• _PROBLEM_
Transcribe the listing in full, word for word; pictures do not belong in the copy.

• _DATA_
--*--
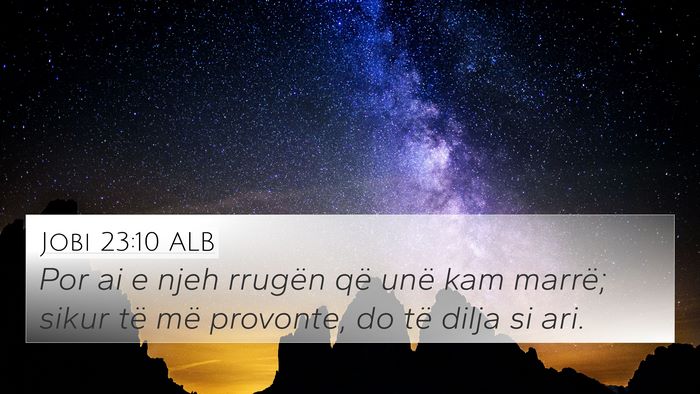 Jobi 23:10 ALB Bible Verse Image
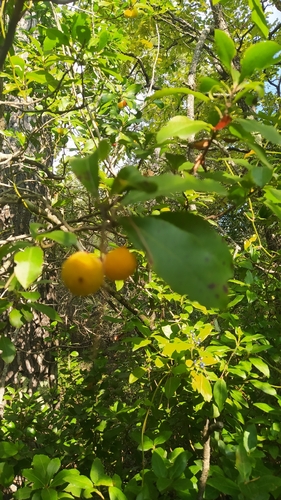 strawberry tree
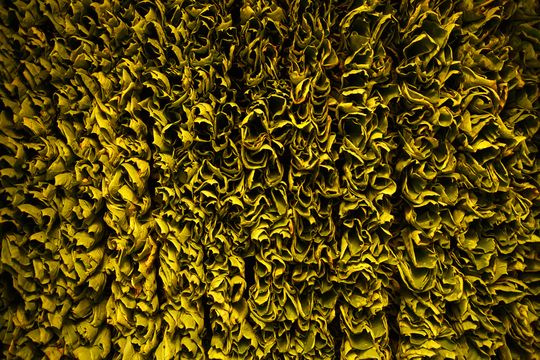 Tabacco leaves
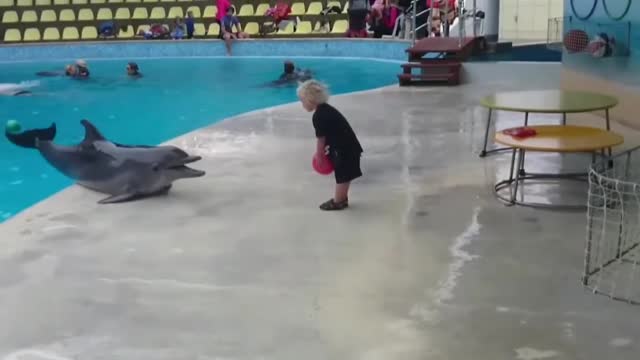 baby playing ball with an unbelievable dolphin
--*--
• _PROBLEM SOLUTION_
 Jobi 23:10 ALB Bible Verse Image
 strawberry tree
 Tabacco leaves
 baby playing ball with an unbelievable dolphin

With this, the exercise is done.